* Try it *
Transcribe the data underneath exactly. No images belong in your version.

* Records provided *
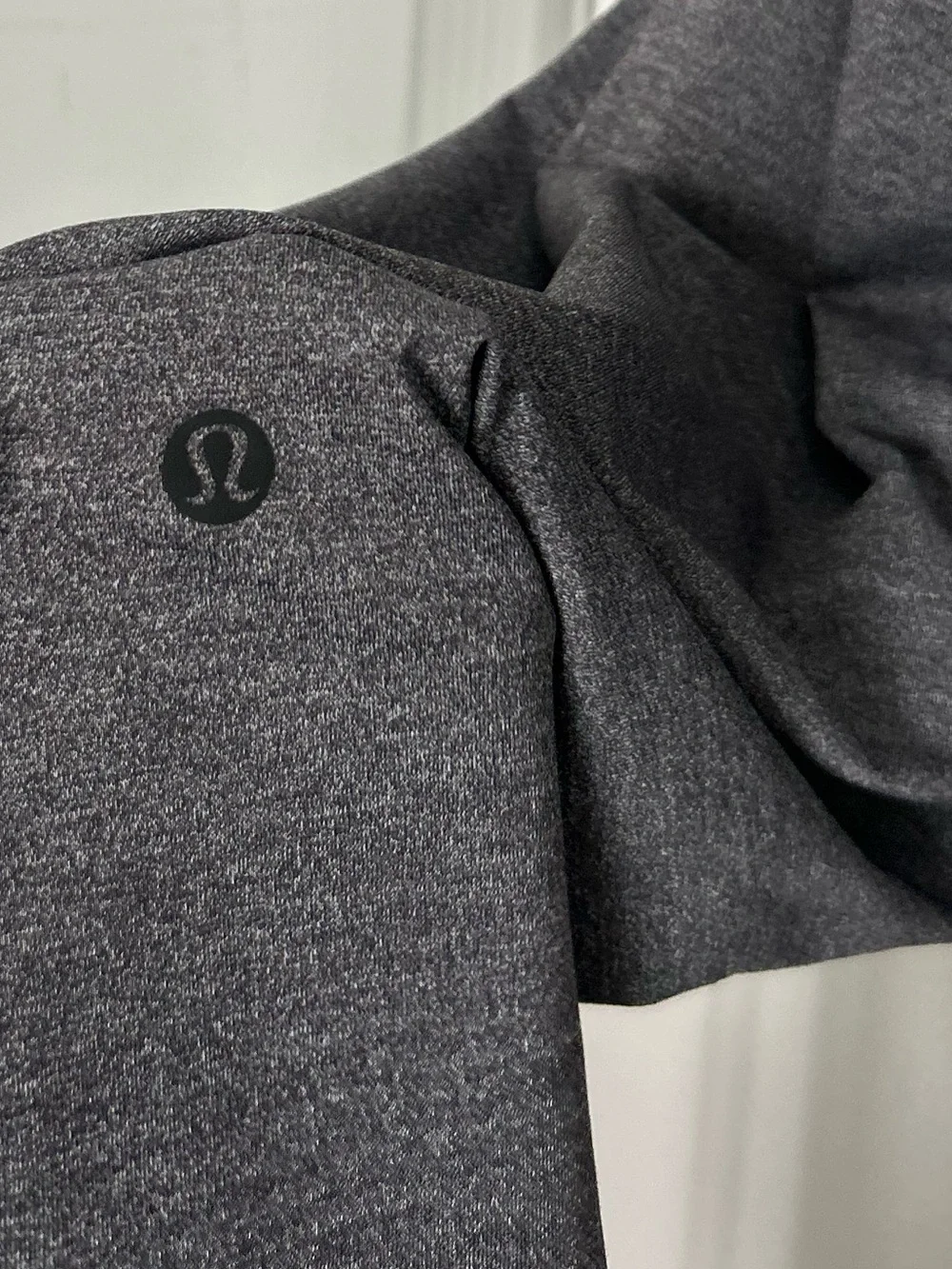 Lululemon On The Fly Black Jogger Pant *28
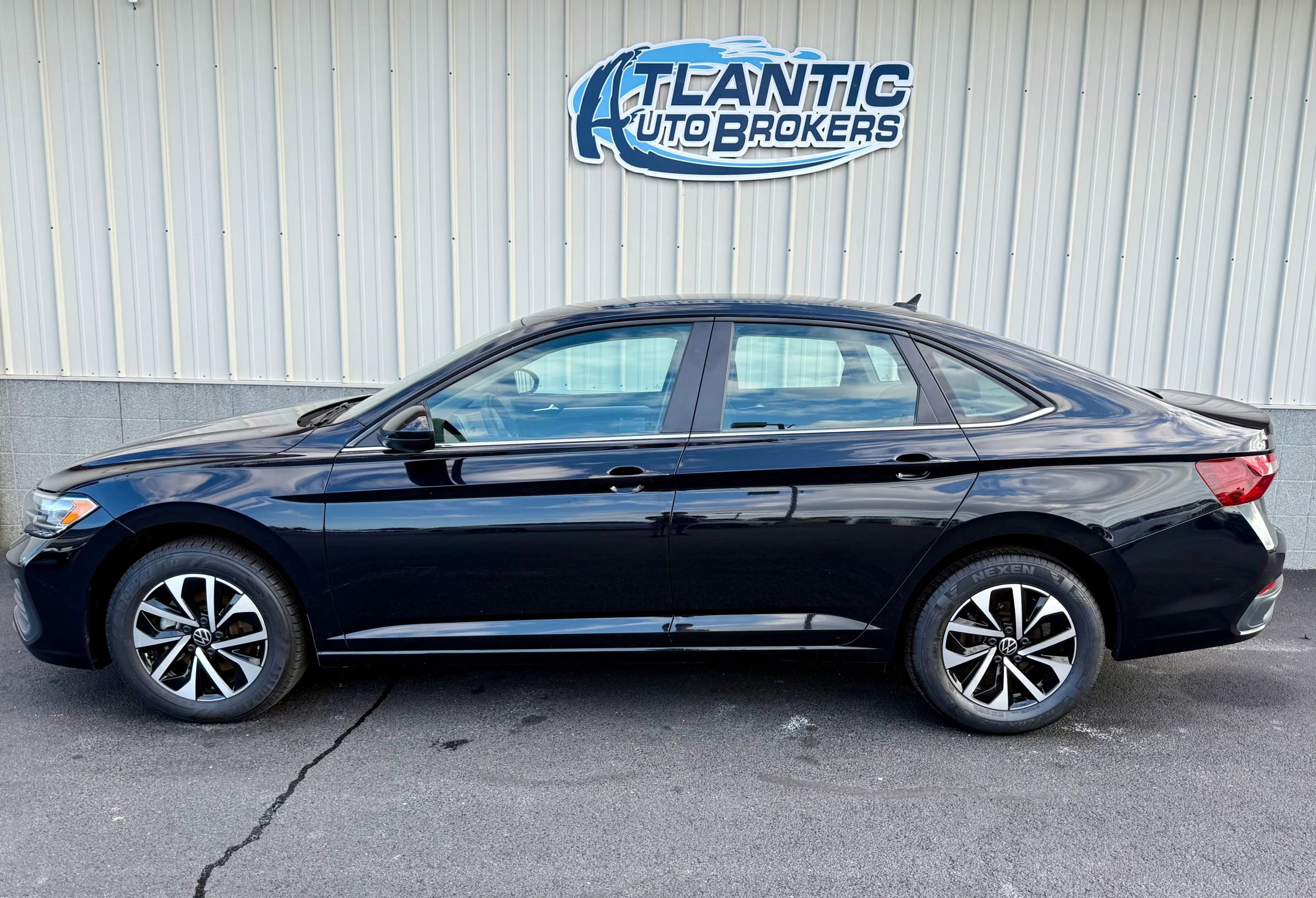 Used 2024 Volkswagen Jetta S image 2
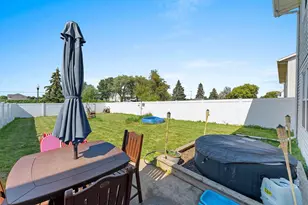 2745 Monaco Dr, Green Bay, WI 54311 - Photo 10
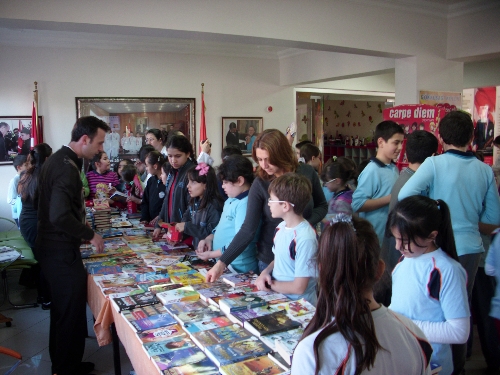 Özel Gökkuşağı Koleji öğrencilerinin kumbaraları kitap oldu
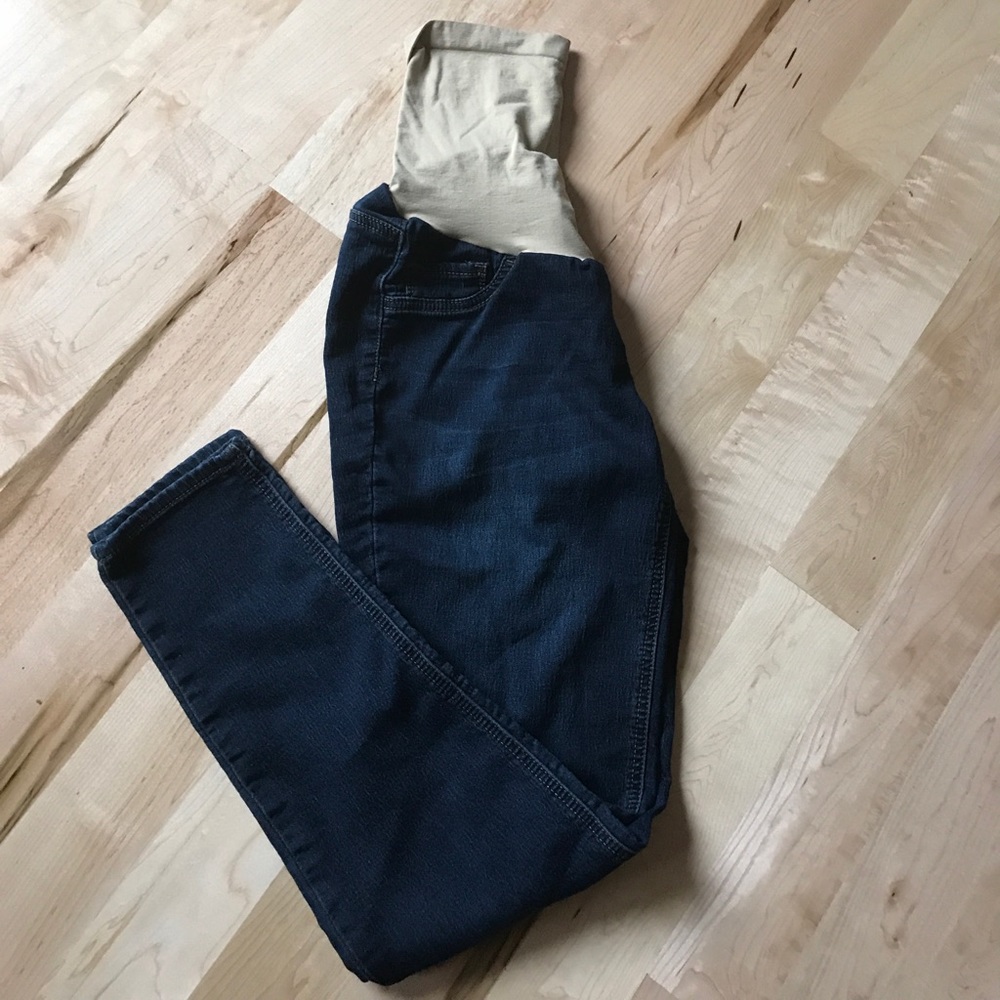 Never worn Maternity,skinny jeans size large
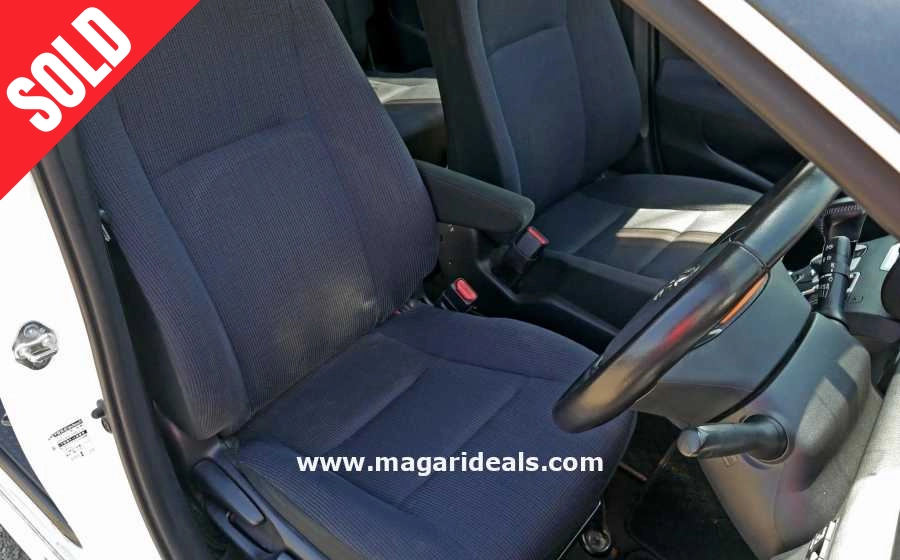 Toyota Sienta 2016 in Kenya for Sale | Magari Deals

* Output *
 Lululemon On The Fly Black Jogger Pant *28
 Used 2024 Volkswagen Jetta S image 2
 2745 Monaco Dr, Green Bay, WI 54311 - Photo 10
 Özel Gökkuşağı Koleji öğrencilerinin kumbaraları kitap oldu
 Never worn Maternity,skinny jeans size large
 Toyota Sienta 2016 in Kenya for Sale | Magari Deals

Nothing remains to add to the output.